A Lesson from Le Mans
Andy Priaulx is a British race car driver who drives for Ford Chip Ganassi Racing. This past weekend Priaulx spent 8.5 hours driving at Le Mans. His co-drivers in the #67 Ford GT car were Harry Tincknell and Tony Kanaan.
Priaulx and his colleagues finished the in the GTE Pro category in fourth place, finishing just behind the #68 Ford GT driven by Joey Hand, Sébastien Bourdais and Dirk Müller, the trio that won the race in 2016.
Imagine the challenge of driving hard on that difficult track: dealing with the car itself, the other drivers on the course, the ever-changing conditions as day turned to night.

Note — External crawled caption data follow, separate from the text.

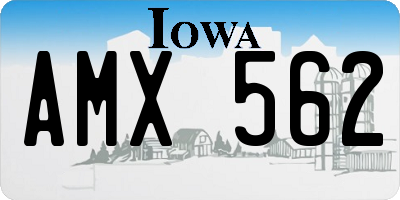IA license plate AMX562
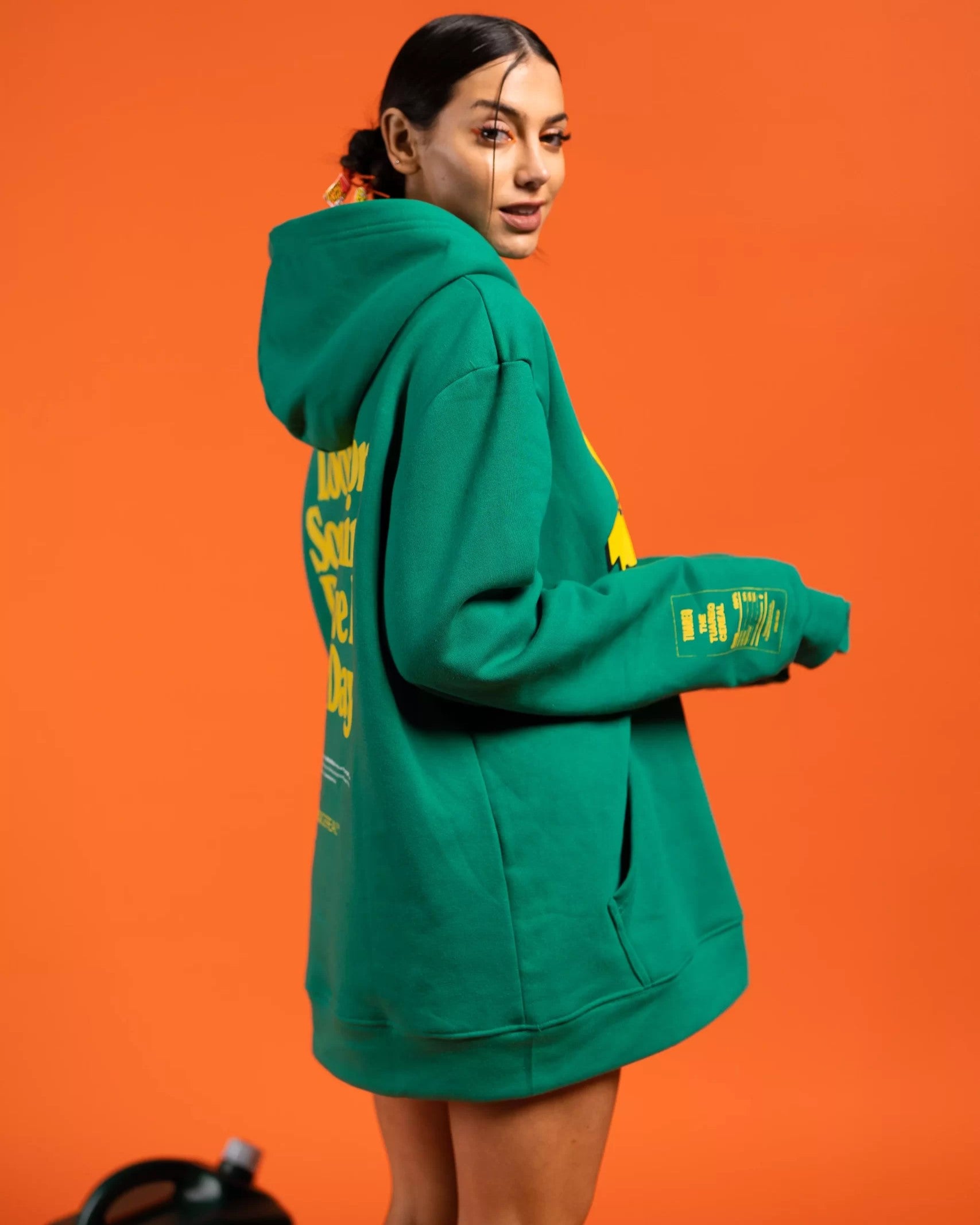 OVERSIZED HOODIE [ LUCKY CHARMS CEREALS GREEN ]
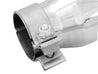 aFe MACH Force-Xp 2.5in Inlet x 3-1/2in Outlet x 6in Length 2.5in 304 Stainless Steel Exhaust Tip aFe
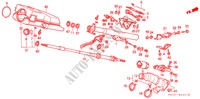 COLUMNA DE DIRECCION(2)(INCLINACION) para Honda CIVIC LX 4 Puertas 5 velocidades manual 1988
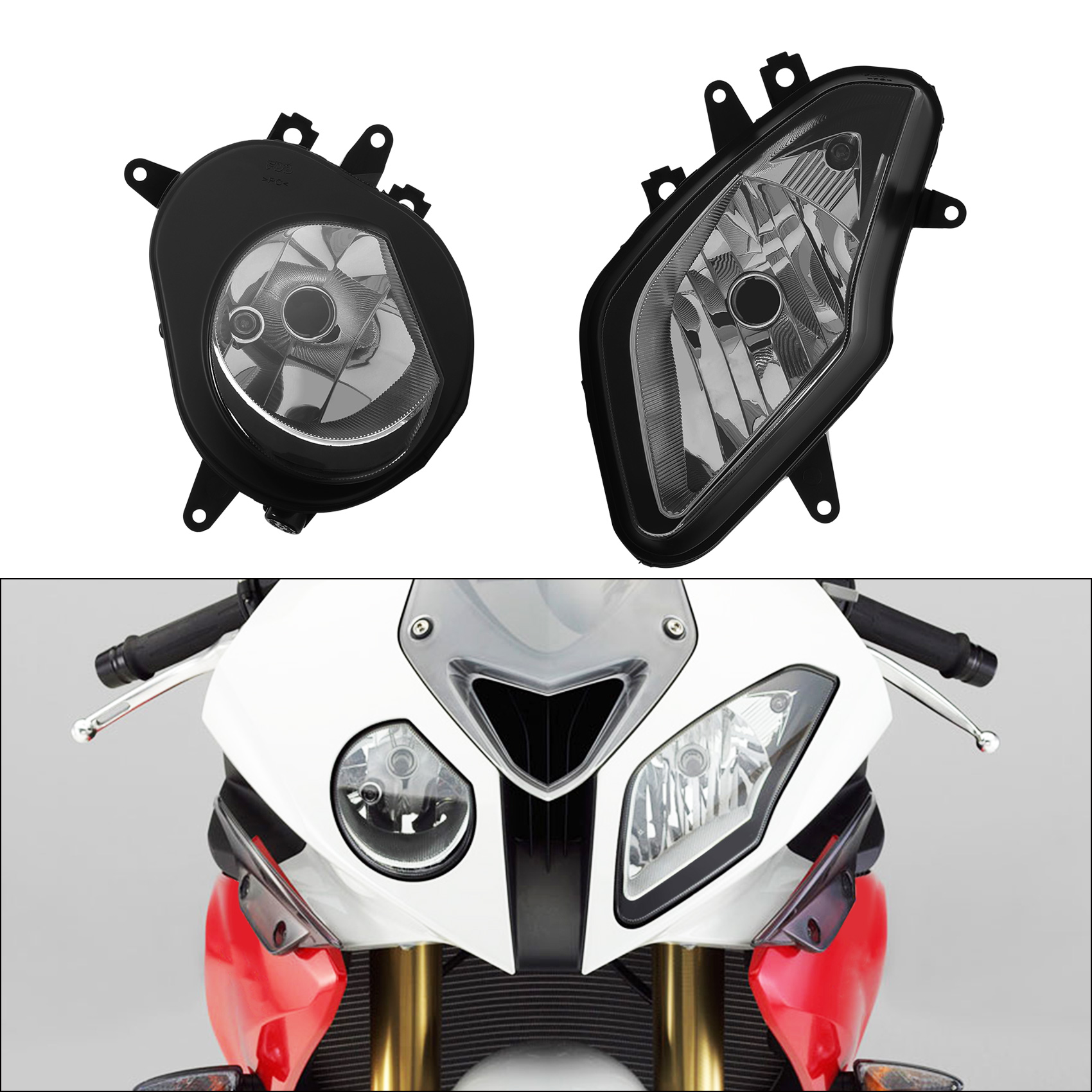 オートバイのヘッドライトアセンブリ BMW S1000RR S 1000 RR 2010-2014 2011 2012 2013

What caught my eye about Priaulx is a statement he made after the race.
No, not his “I had a lot of fun in the car,” even though that borders on the inconceivable: Let’s face it, the man was working. Guess the old saw about how if you love what you’re doing, you’ll never work a day in your life can be true.

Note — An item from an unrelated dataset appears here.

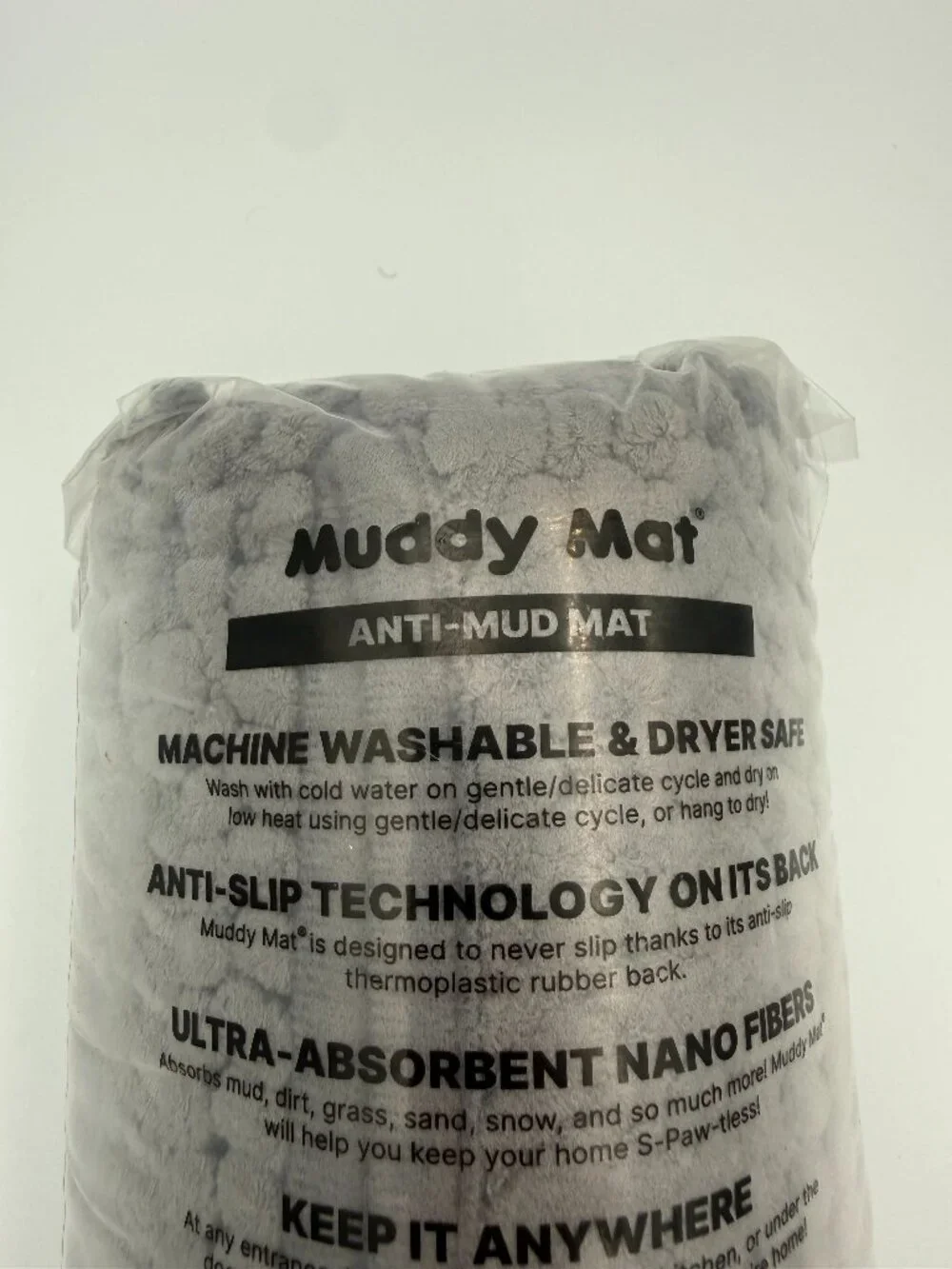 Muddy Mat Anti-Mud Mat Grey 18x28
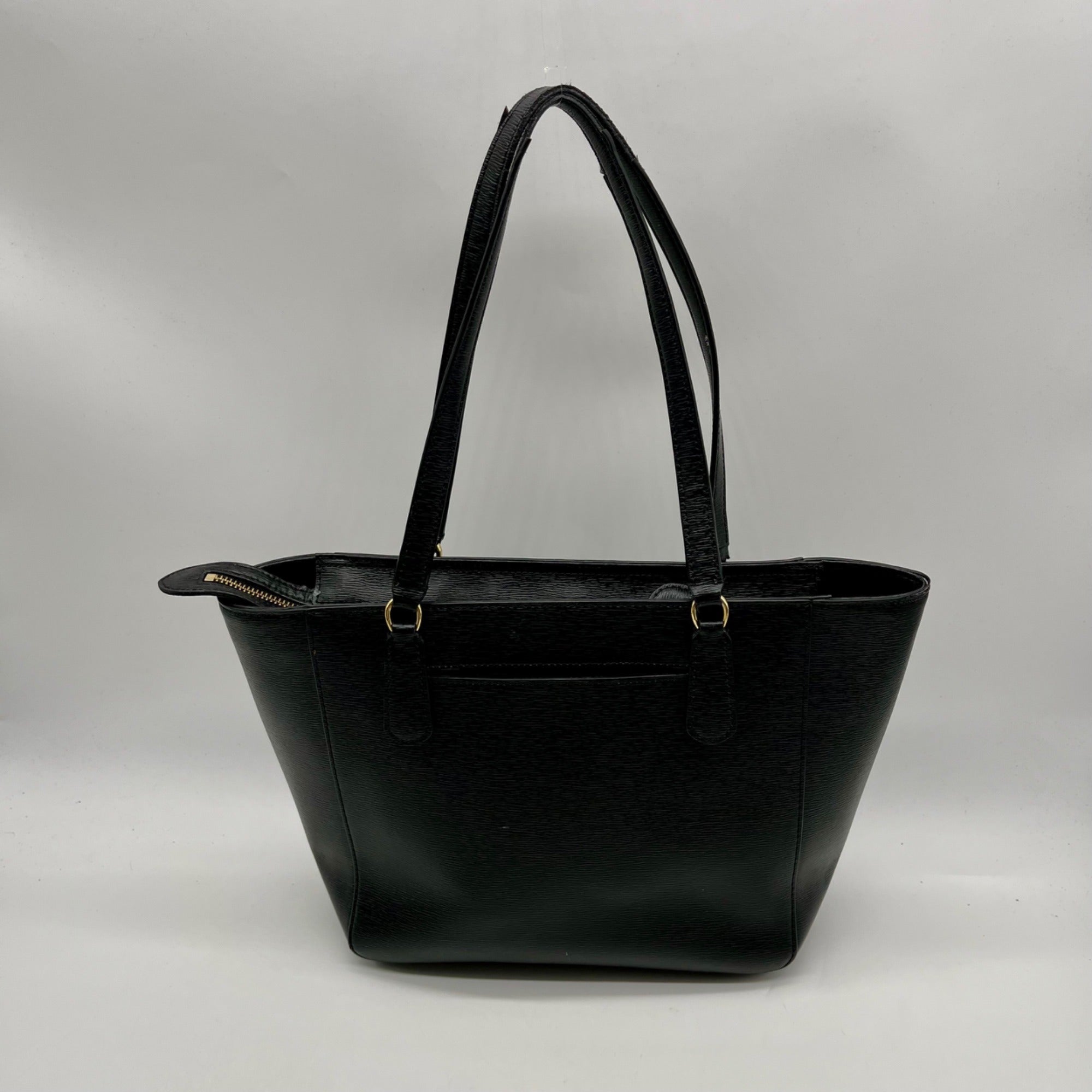 Ralph Lauren Black Leather Satchel Bag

The statement that says a lot—a tremendous amount in a few words—is this:
“I wouldn’t say we had the speed to win but we had the team to win.”
Think about that.
Here is a man who is putting his team—not only his co-drivers, but the team of engineers and mechanics and all else who work day and night for an immense amount of time getting ready for one of the most notable races of the year—ahead of all else.
It is almost as though he is saying that even though the car itself may not have had the stuff to put it on the podium, his team would have been the ones to get him there were it to be done.
“The car was great, the team did a brilliant job and we finished fourth in a race that is very difficult to finish at all,” Priaulx went on to say.
Racing at Le Mans might seem like a team sport only in the context of, say, Priaulx, Tincknell and Kanaan driving the #67 Ford GT.
But Priaulx recognizes that no matter how good a driver he is, or his colleagues are, it is the team behind the team that is key.
And that’s true if you work behind the wheel of a car or behind a desk.